◆ WORK TASK:
Copy nothing but the lines from the one containing "In this video" through the last line of the records, repeated exactly and without pictures.

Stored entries
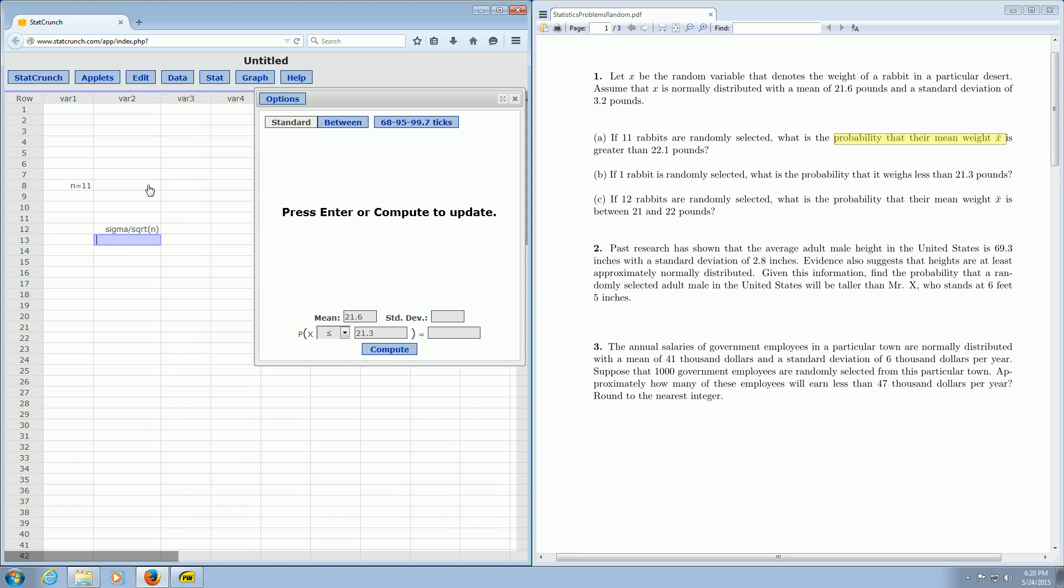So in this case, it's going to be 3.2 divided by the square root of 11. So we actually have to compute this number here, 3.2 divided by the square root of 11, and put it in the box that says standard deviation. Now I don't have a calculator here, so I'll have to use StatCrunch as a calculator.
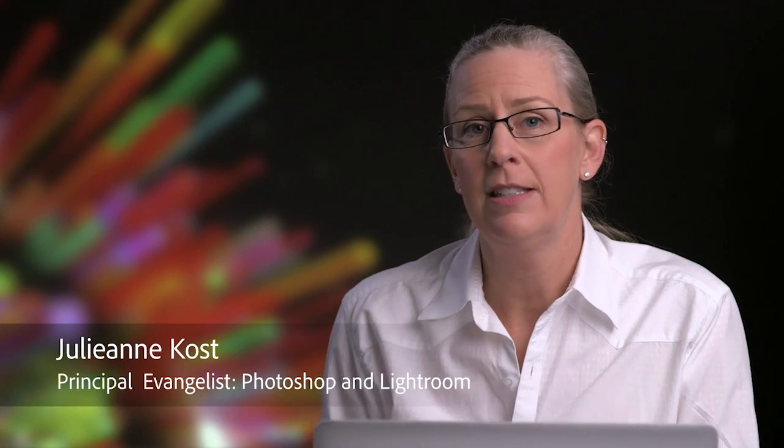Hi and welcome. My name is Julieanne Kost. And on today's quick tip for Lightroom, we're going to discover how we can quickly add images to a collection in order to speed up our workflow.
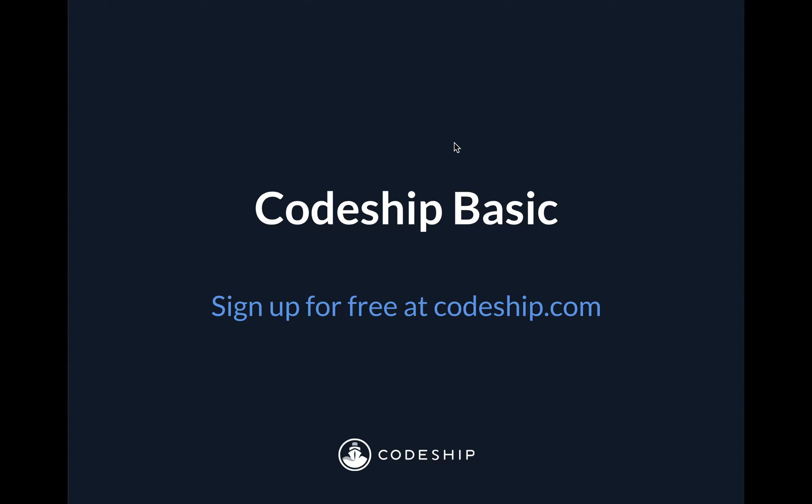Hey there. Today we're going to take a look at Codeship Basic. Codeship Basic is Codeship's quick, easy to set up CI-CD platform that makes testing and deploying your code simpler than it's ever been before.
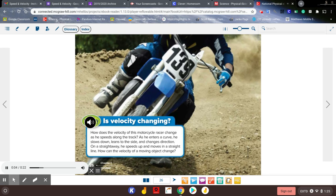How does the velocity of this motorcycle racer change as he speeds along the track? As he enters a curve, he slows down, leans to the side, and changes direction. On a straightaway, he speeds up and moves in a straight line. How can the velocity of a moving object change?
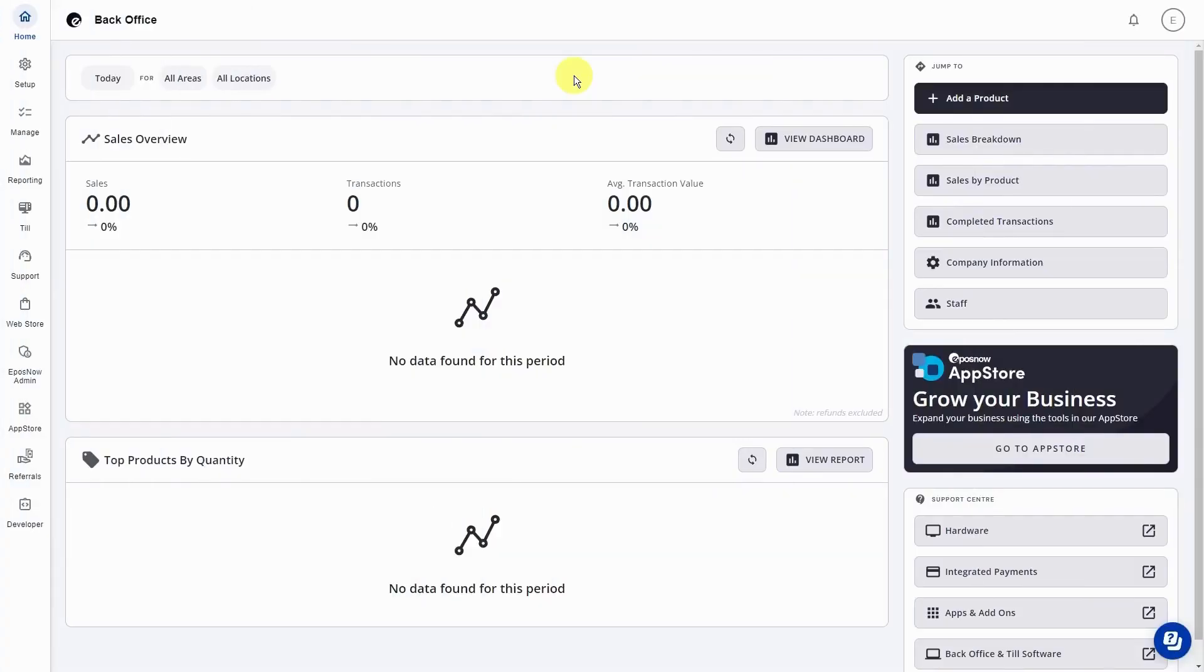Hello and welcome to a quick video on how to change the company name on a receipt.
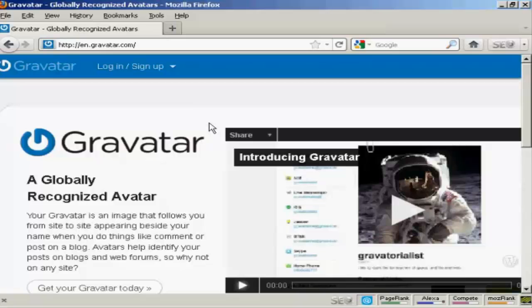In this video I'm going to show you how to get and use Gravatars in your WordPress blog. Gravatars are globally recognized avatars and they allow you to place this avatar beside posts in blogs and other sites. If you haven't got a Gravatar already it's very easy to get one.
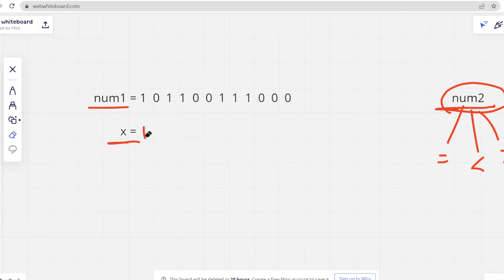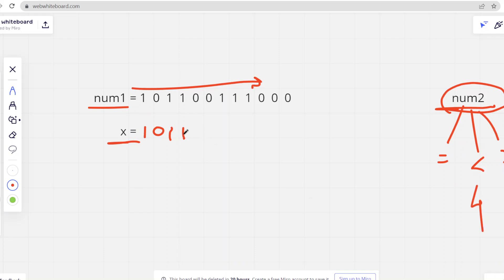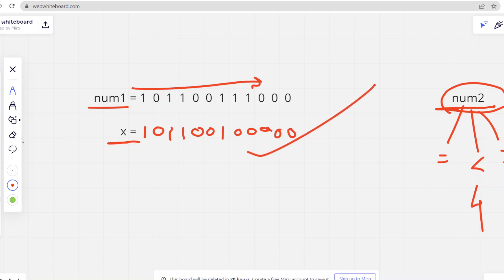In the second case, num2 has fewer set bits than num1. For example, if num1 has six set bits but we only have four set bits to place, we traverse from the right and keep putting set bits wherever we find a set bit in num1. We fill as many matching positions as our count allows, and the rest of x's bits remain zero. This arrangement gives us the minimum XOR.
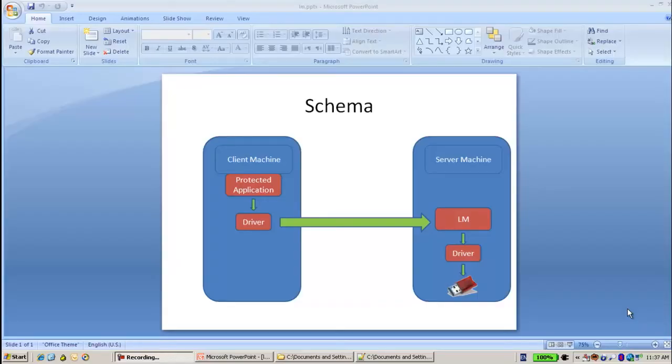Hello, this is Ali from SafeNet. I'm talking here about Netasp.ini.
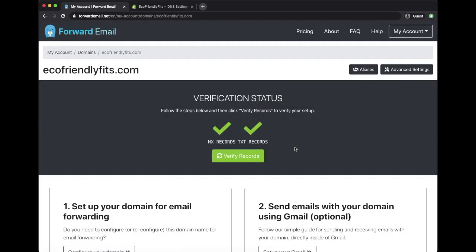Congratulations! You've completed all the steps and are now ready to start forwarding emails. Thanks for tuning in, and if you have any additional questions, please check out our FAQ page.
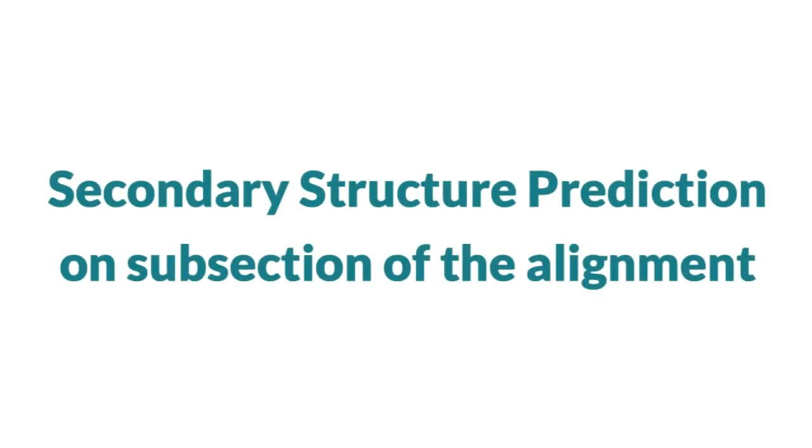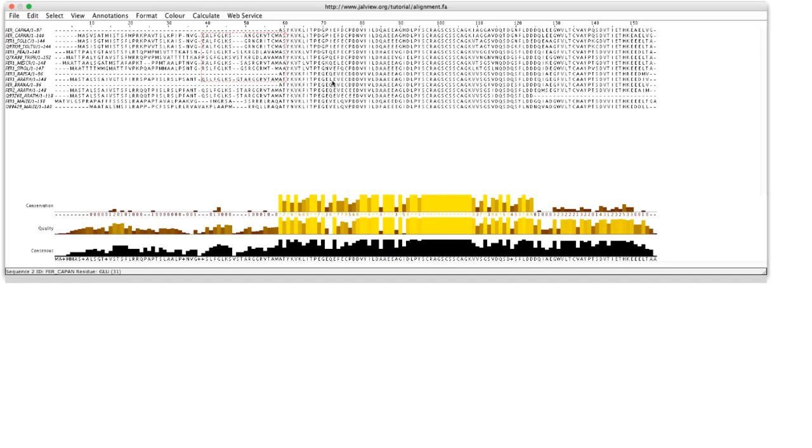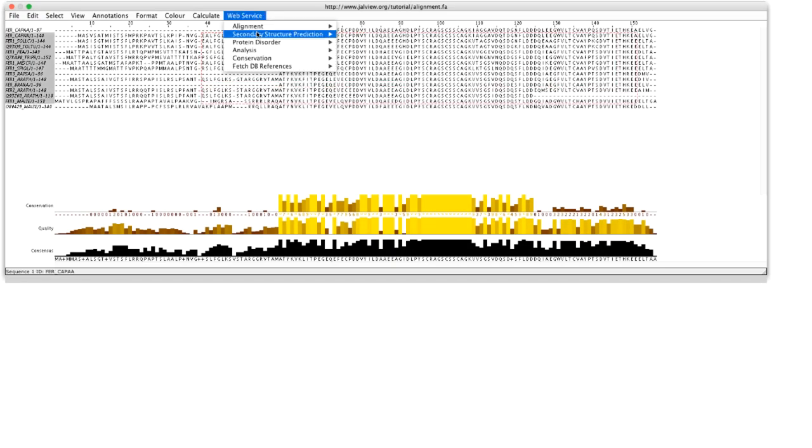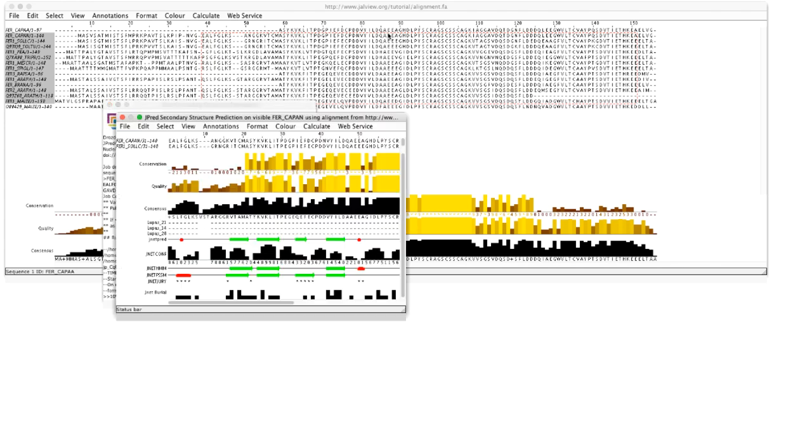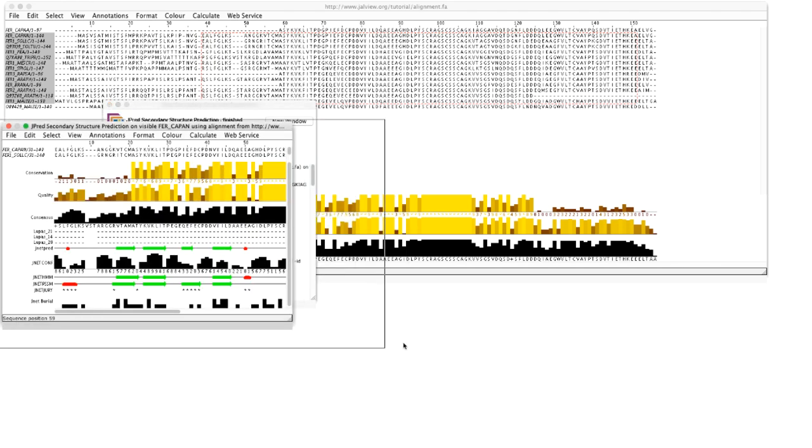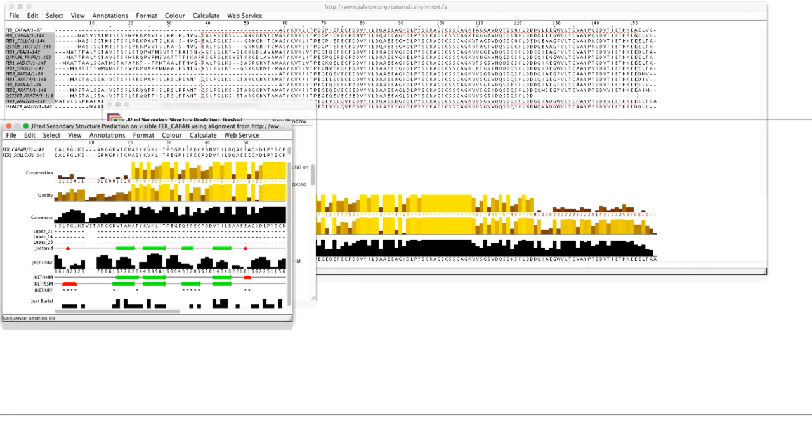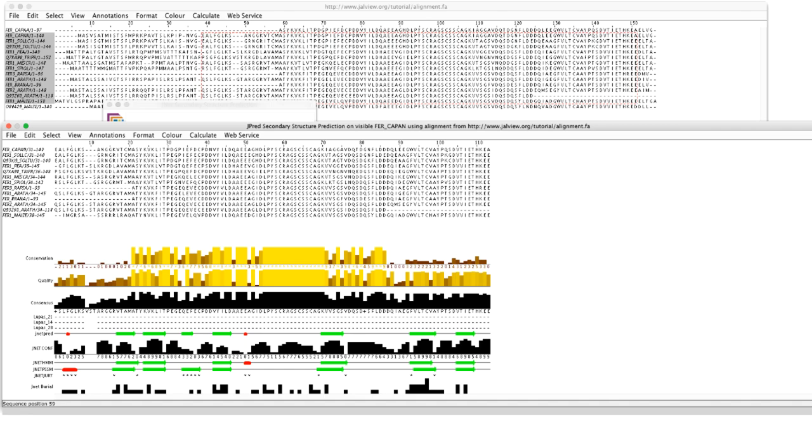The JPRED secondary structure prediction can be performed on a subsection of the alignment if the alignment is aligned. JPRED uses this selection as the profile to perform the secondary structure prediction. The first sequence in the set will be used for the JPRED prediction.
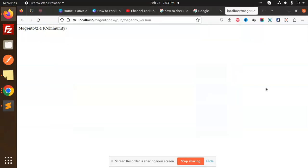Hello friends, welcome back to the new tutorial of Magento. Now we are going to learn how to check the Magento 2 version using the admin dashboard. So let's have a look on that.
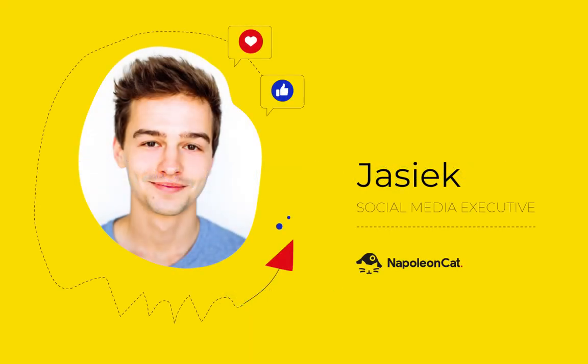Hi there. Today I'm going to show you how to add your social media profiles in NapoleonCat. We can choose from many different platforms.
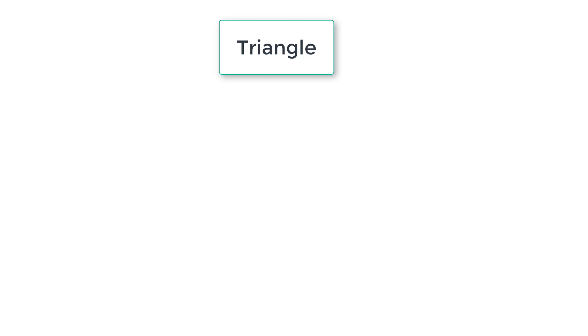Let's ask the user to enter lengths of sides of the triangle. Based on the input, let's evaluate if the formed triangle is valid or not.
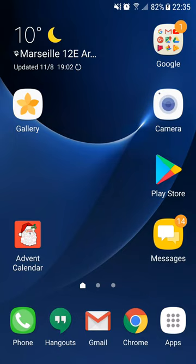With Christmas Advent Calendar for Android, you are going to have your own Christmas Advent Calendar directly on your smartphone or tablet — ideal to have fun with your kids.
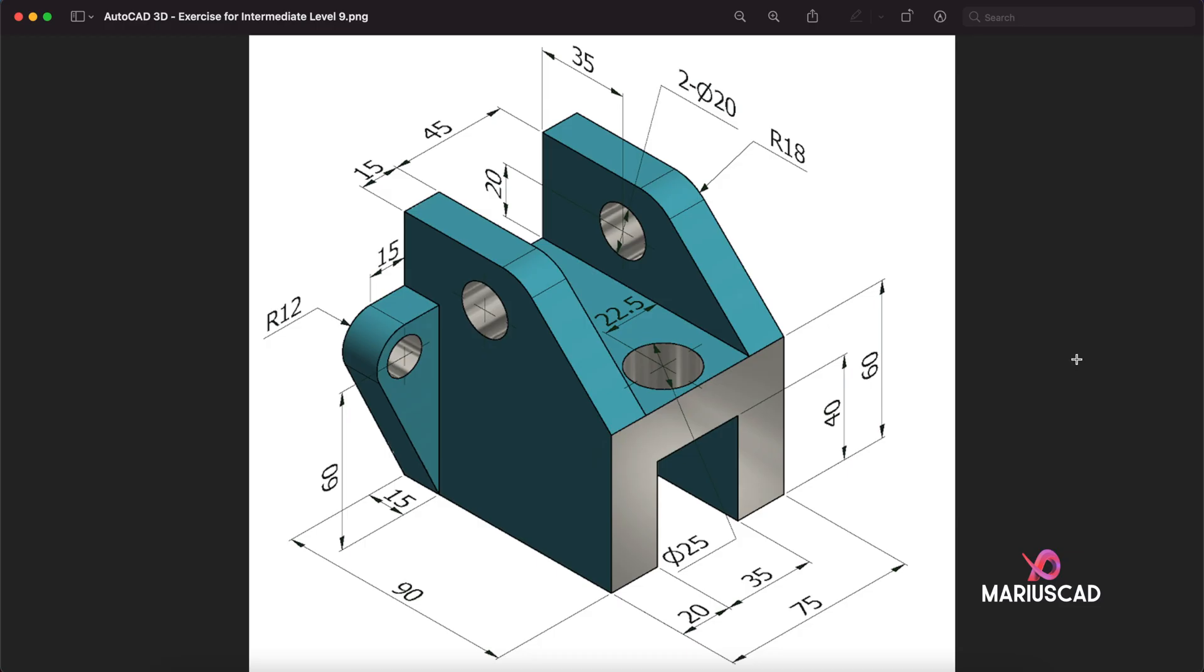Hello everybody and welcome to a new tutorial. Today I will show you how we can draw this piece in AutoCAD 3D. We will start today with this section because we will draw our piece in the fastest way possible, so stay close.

◆ PROBLEM SOLUTION:
In this video I'm going to show you how to get and use Gravatars in your WordPress blog. Gravatars are globally recognized avatars and they allow you to place this avatar beside posts in blogs and other sites. If you haven't got a Gravatar already it's very easy to get one.
In the second case, num2 has fewer set bits than num1. For example, if num1 has six set bits but we only have four set bits to place, we traverse from the right and keep putting set bits wherever we find a set bit in num1. We fill as many matching positions as our count allows, and the rest of x's bits remain zero. This arrangement gives us the minimum XOR.
Hello, this is Ali from SafeNet. I'm talking here about Netasp.ini.
Congratulations! You've completed all the steps and are now ready to start forwarding emails. Thanks for tuning in, and if you have any additional questions, please check out our FAQ page.
The JPRED secondary structure prediction can be performed on a subsection of the alignment if the alignment is aligned. JPRED uses this selection as the profile to perform the secondary structure prediction. The first sequence in the set will be used for the JPRED prediction.
Hello friends, welcome back to the new tutorial of Magento. Now we are going to learn how to check the Magento 2 version using the admin dashboard. So let's have a look on that.
Hi there. Today I'm going to show you how to add your social media profiles in NapoleonCat. We can choose from many different platforms.
Let's ask the user to enter lengths of sides of the triangle. Based on the input, let's evaluate if the formed triangle is valid or not.
With Christmas Advent Calendar for Android, you are going to have your own Christmas Advent Calendar directly on your smartphone or tablet — ideal to have fun with your kids.
Hello everybody and welcome to a new tutorial. Today I will show you how we can draw this piece in AutoCAD 3D. We will start today with this section because we will draw our piece in the fastest way possible, so stay close.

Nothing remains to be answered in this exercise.